# Looking for Show Does



## creighton1996 (Feb 12, 2013)

I am wanting to get into breeding show quality boer goats. What do I need to look for in a doe? Where in Oklahoma can I purchase a quality doe? And I just would like any advise or suggestions? Thank You


----------



## Crossroads Boers (Feb 19, 2011)

Hi creighton1996! I can't think of any breeders on Oklahoma right off the top of my head... but here is a link to a page of breeders in Oklahoma. http://www.oklahomashowgoats.com/breeders.html

In a show Boer, you very basically want length of body, a level topline, good muscling, width down that back, in the front and in the rear, and correct teats/bite. A pretty head and horn set wouldn't hurt either!

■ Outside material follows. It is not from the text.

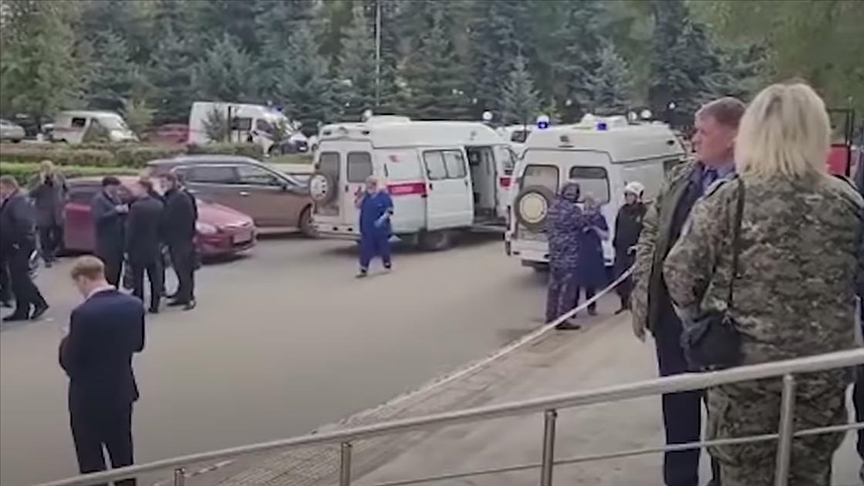 Rusya'da üniversite binasında düzenlenen silahlı saldırıda 6 kişi öldü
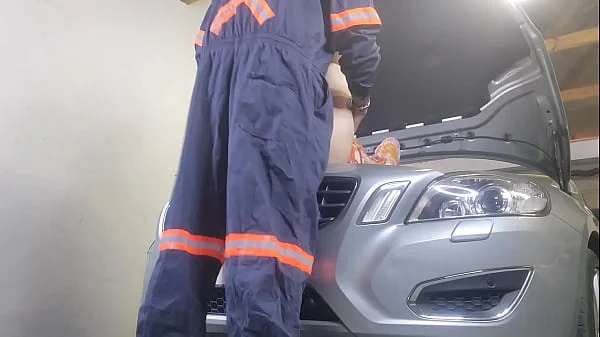 My mechanic asked if he can fuck my wife and i said yes videos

You probably aren't going to easily find all those things in 1 goat. But try to find some with some of those things going for them anyway. 

Good luck in your search!


----------



## toth boer goats (Jul 20, 2008)

Wish you were closer, good luck in your search.


----------



## HoosierShadow (Apr 20, 2010)

If your on facebook search for 'Boer Goats for Sale' group and join, I always see such nice goats posted on there! It seems I've seen a lot of people on there from OK and surrounding states. Those people seem to know about getting them shipped too!


----------



## GTAllen (Jul 22, 2012)

I will reiterate "correct teat structure". This is sometimes overlooked with Boer goats. Any doe you are buying for breed stock you want to be clean teated 1x1 or 2x2. No blind, split, fish tail, over sized, etc, etc. I like a doe that is clean 2x2. 

You will be surpised at how many you will look at that have defects. I have been looking at some expensive does, from high end herds, to add to my herd. I have passed on them all so far due to defects. Numerous 2x1, 3x1, and split teats.

Also, it seems either they have a great width in the front end and narrow rear or vice versa. It has been a really hard search.

I think I am going to go to the Cowboy Classic in Yale, Ok for the spring sale. I got two nice does from the fall sale. I also may take a nice buck to their custormer sale in July. 

Plan on at least $1k+ for a nice doe at that sale or any good production sale.


----------



## ogfabby (Jan 3, 2013)

See, I'm one of those strange boer breeders that culls if they aren't clean teated. I have one doe in my herd that isn't but she has always thrown clean teated kids.


----------



## Tenacross (May 26, 2011)

I like Hoosier's idea.
GTAllen's too. Sign up for DVA Auctions and you will get the run
down of their productions sales for goats when they start here
pretty soon. There is another online auction house that has quite
a few sales too and I get email notice of them as well, but I can't
remember what they call it. I like to watch the sales online to see
what good goats are going for. And for sure... go to as many shows
as you can and learn!


----------



## HoosierShadow (Apr 20, 2010)

We just have a little herd of backyard goats, no big show goats. I'd love to one day though, again, if my kids really wanted to go that route. Right now the goal is just to have fun goats for 4-H.
BUT, teats are a big deal, and we only keep clean teated/acceptable does. We have one unregistered doe who was one of our first goats and she may not have acceptable teats, but she's thrown more clean teated kids than she has bad. Sadly, my very VERY favorite baby was her paint doe last year, and she was not clean teated, so we sold her  Beautiful baby...such a shame. I think her triplet boys this year are all 1x1.


----------



## okiemama (Feb 14, 2013)

Triple three has good wether makers.


----------



## bayouboergoats (Dec 30, 2012)

https://www.facebook.com/youre.here

Rochelle Gates is in Ok and they are selling off a lot of their daughters show goats. Not sure if your on FB but maybe try contacting her every animal she has ever posted a pic of is just beautiful. Not sure on your price range either but I think she posted her prices at $500-$5,000.


----------



## mmiller (Apr 3, 2012)

boergoats.com is a good place to look for production sells an also breeder listings by state. Not sure where you are located in Ok but there are some good breeders that are on the AR,MO,Ok line. There is a breeder in Ok that I looked at some of her bucks. Shes got good stock an good bloodlines you would have to check it out to see if they are what your looking for cause each person is different on what they want. I cant remember the website I will have to get back to you on it. Good luck!!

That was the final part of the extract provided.